Are you a terrific Spanish teacher? I had one lackluster one (who was vague enough about one of the tenses (the little used one that I'm forgetting right now) that I got every single question on a quiz wrong (I was an honors student who grew up around people speaking Spanish every day including my best friend's family, and I shouldn't have been so confused)). Then I had one great one (native Spanish speaker) that I took classes from the next 3 years.

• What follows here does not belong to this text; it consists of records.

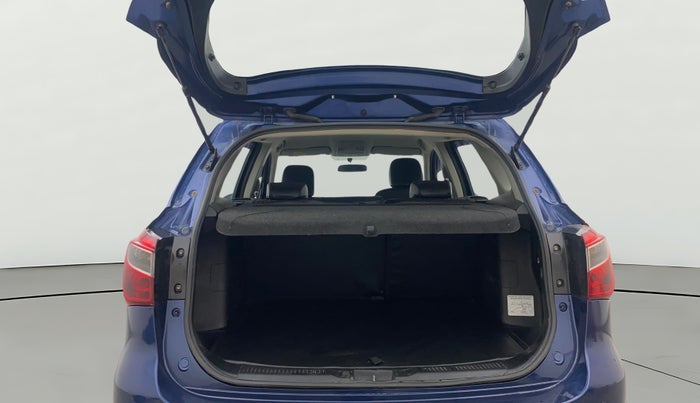 2019 Maruti S Cross ZETA 1.3, Diesel, Manual, 1,25,199 km, Boot Open Zoomed View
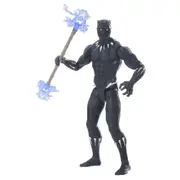 Black Panther Figure 6"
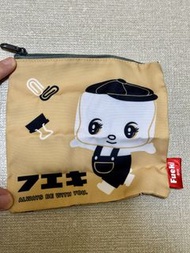 日本FUEKI 漿糊仔儲物袋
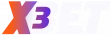 x3bet logo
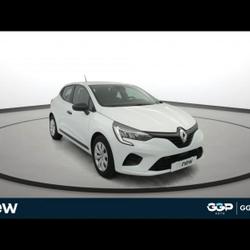 Renault Clio 5 1.0 SCe 65ch Authentic Faches-Thumesnil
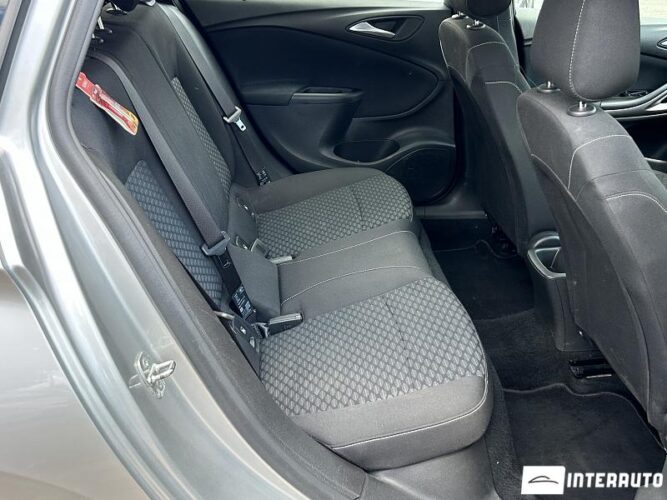 Opel Astra 42 interauto-car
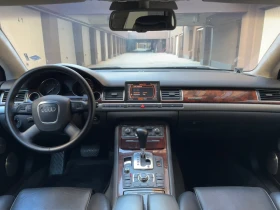 Audi A8 4.2TDi, снимка 6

When i was in HS in California, you had to take a math class every HS year, and then I went on to Minor in it in college, so I've had a couple math teachers. There was the surprisingly good one who was otherwise the baseball coach (though he was also distractingly cute and young for a 10th grade girl to learn easily from, LOL). Then there was the head of the math department in college who was the WORST teacher in the universe, and who thought it was appropriate to have questions about the Beatles as the ONLY extra credit questions on his exams (nothing math related). I failed Linear Algebra from him that year and had to take it again, and got a B- from a different teacher (it was the last to get the minor so I really had to re-take it).
You could CERTAINLY find a way to include dance lessons in your Math classes.
So if you're a better, more inspirational, math teacher than you are a Spanish teacher, that's on the side of switching.
When you first said "rural" school I was in favor of you staying, because rural kids get such cruddy teachers in general. There are brights spots every so often, like at my one-room schoolhouse in the mountains above Cupertino, CA where I spent my 4th grade year. Kindgergarten teacher, 1-3 teacher, and 4-6 teacher/principal (plus one 7th grader whose mom wasn't ready to 'send him down the hill' for junior high school). BEST school experience of my life. But other than that, it's slim pickings for good experiences.
So are you doing more in the Spanish position at the small and dying school, for while it exists?
When you first mentioned the money, I had one thought, but then when you described your current and horrible-sounding contract, I thought purely for finances you'd be better off taking the new job.
But I wouldn't take it JUST for money. Teachers who are burned out in their subjects (or with a couple of their students like my 5th and 6th grade teacher), who are just waiting it out for retirement, or who have just taken jobs b/c of better money are better off being elsewhere. Or rather, the students are better off with the teachers being elsewhere.
So if you'd hate the job and only took it for the money, dont' do it.
And lastly, DH has been called out of the blue for jobs before. And it's a very shocking feeling! I think that deep down we all can't quite believe that we're good enough for someone to want us for a job we haven't applied for, and it can cause more difficult feelings that simply getting a call for an interview for a job you applied for. So maybe that's behind your ambivalence, that you can't believe you're good enough for a district to just flat out WANT you to teach there. And I'd say, unless the hiring people have lost their minds or want their Math program to fail, that they think you ARE worth it, and they do want you and are willing to pay a nicer wage for you.